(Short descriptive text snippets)
--- START ---

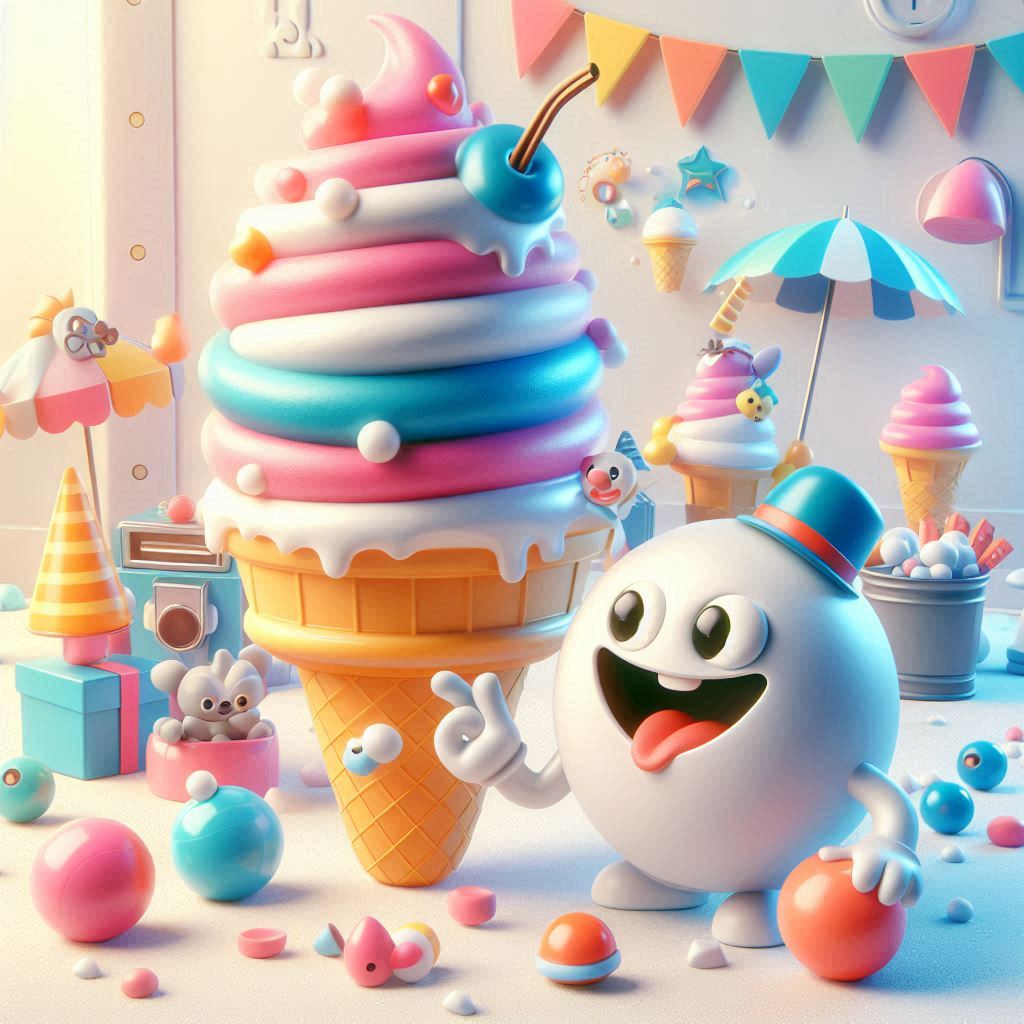 200+ Snow Cone Puns That Will Chill You with Laughter 5 Wordplay with Snow Cone Puns Youll Love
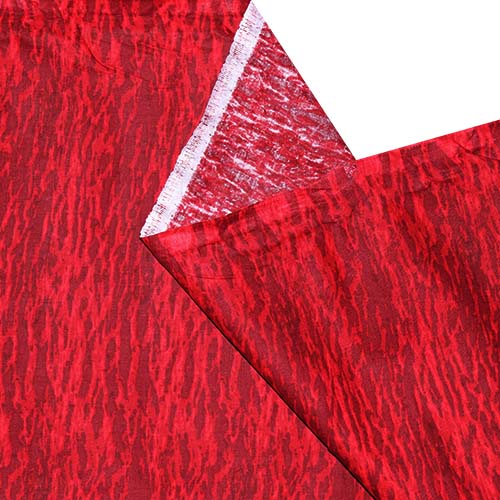 65543 Fab Cotton 112cm Red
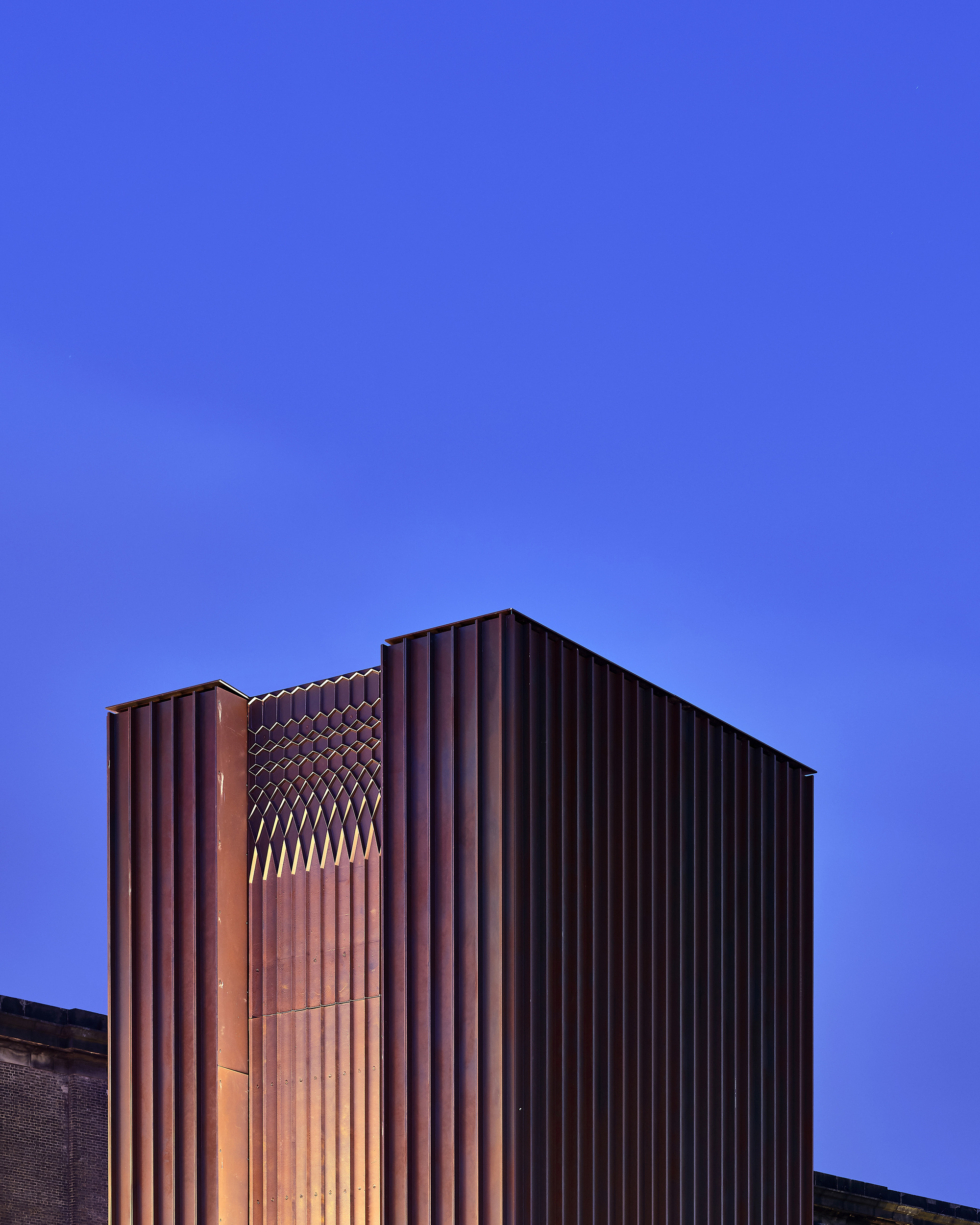 Granary Square Pavilion / Bell Phillips Architects-35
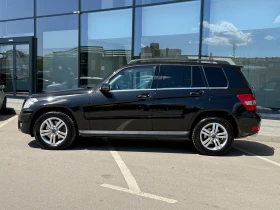 Mercedes-Benz GLK 6 МЕСЕЦА ГАРАНЦИЯ/320CD 224к.с. 4 Matic/Панорама, снимка 2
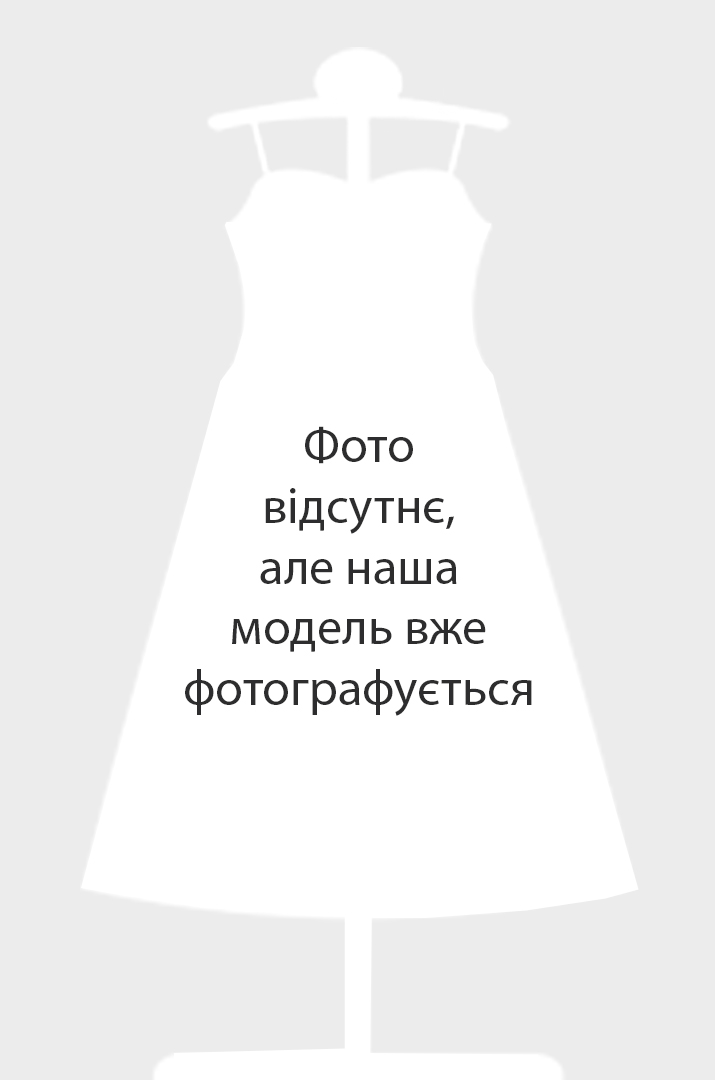 Яркий укороченный джемпер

--- END ---

• [Task to complete]
Only the lines from the line with "Granary Square Pavilion" through the end of the records belong in your copy. Repeat them exactly, without pictures.

• [Exercise result]
 Granary Square Pavilion / Bell Phillips Architects-35
 Mercedes-Benz GLK 6 МЕСЕЦА ГАРАНЦИЯ/320CD 224к.с. 4 Matic/Панорама, снимка 2
 Яркий укороченный джемпер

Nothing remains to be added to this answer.